I know physical migration well. I am an immigrant. I can write a lot about this kind of migration. But many have already done this, and with prose I can never match. Also, this kind of migration is less and less on my mind. As much as I plan to physically move in the future, I have no plans of moving to another country. Instead, what is always on my mind is epistemological migration, existential migration, relational migration, spiritual migration, and pedagogical migration.
In all these ways, I migrate to thrive. For if we immigrate to live, we migrate to thrive. Indeed, if we wish to become something new, we must migrate. That is the rule. It is an ecological axiom. Ecologies evolve and thrive by moving and migrating. This is why history demonstrates again and again that migration—in all its many forms—is foundational to the making of great civilizations. Those who have the highest levels of migration also tend to have the highest levels of creativity, prosperity, and stability.

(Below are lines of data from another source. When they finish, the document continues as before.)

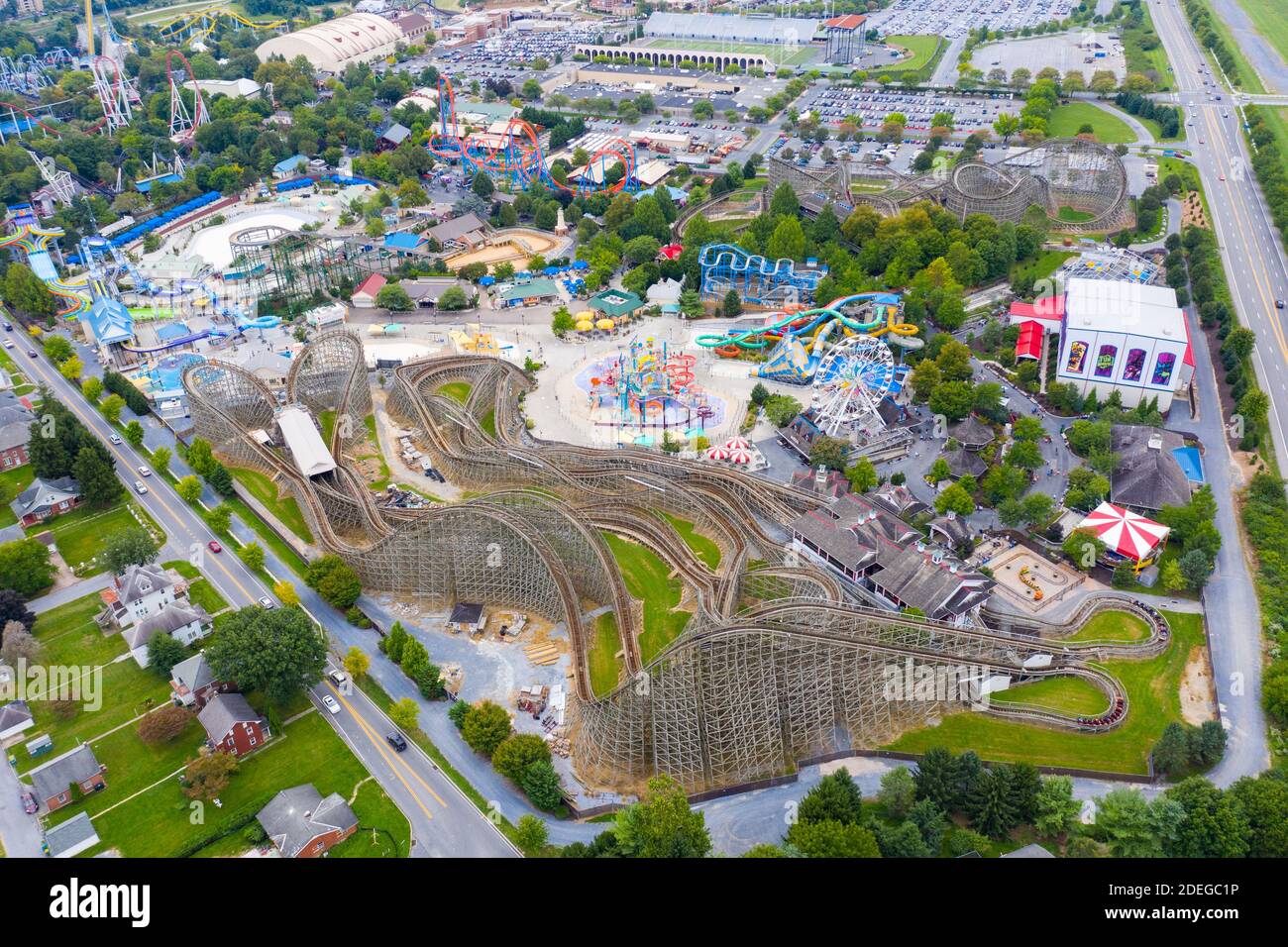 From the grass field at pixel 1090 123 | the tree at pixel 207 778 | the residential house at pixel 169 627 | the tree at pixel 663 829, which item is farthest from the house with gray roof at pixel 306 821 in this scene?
the grass field at pixel 1090 123

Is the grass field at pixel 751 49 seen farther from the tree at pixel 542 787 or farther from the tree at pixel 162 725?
the tree at pixel 162 725

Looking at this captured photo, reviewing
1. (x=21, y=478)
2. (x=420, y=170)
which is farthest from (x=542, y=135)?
(x=21, y=478)

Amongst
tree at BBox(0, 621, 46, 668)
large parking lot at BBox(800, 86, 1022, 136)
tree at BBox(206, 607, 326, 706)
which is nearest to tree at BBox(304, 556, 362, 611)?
tree at BBox(206, 607, 326, 706)

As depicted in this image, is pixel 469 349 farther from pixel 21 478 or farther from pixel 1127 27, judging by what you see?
pixel 1127 27

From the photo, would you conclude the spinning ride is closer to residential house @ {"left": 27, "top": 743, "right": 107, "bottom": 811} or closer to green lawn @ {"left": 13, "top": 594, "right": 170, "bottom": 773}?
green lawn @ {"left": 13, "top": 594, "right": 170, "bottom": 773}

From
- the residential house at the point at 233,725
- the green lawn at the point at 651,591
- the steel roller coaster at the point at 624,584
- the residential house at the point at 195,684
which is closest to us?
the steel roller coaster at the point at 624,584

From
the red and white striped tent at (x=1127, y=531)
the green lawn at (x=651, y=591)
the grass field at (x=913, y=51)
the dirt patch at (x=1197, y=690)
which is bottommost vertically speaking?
the dirt patch at (x=1197, y=690) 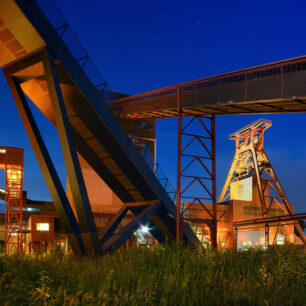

To migrate is to move across space. In other words, to migrate is to consume time. I am now at an age where I am constantly feeling that I am running out of time. I must use my remaining time wisely, which means choosing carefully what projects I take on, what books I read, what music I listen to, what films I watch, what classes I teach, and so forth. I no longer take time for granted. More and more I am recognizing how precious and finite it is. Maybe death is simply another migration that I should embrace, but for now I like this side of the equation. However, as I am increasingly feeling the intensity of time, or perceiving such to be the case, I am also increasingly feeling the urgency to migrate. There are so many places I want to visit epistemologically, existentially, relationally spiritually, and pedagogically before my time expires. Every day I want to arrive at a new place that humbles me and leaves me in awe. Yet, migration demands time. It takes time for ideas to take shape. It takes time for relationships to deepen. It takes time for perspectives to evolve. It takes time for narratives to cohere. It takes time for classes to become intelligible. Time needs patience. So this is the tension. As much as I am now running out of time, I am also now recognizing that time needs time. Migration needs patience. We should neither rush it nor fight with it. Yet I will be the first to admit that I am yet to fully embody this important lesson.
I recently heard someone say, “Let love be the journey.” I was intrigued. But what does it mean? Still, I heard this when I needed to hear it. Lately I have been thinking a lot about what physicists call dark matter and dark energy. What becomes of migration in a universe that is so infinitely vast and unknown? What can we really know and ultimately understand? What becomes the point of everything in such a universe? Where can we get to? On the other hand, maybe the moral of the story is that all that matters in the end is the moving and migrating rather than the arriving and disembarking. So let love be the journey; meaning, I believe, let us focus on traveling well.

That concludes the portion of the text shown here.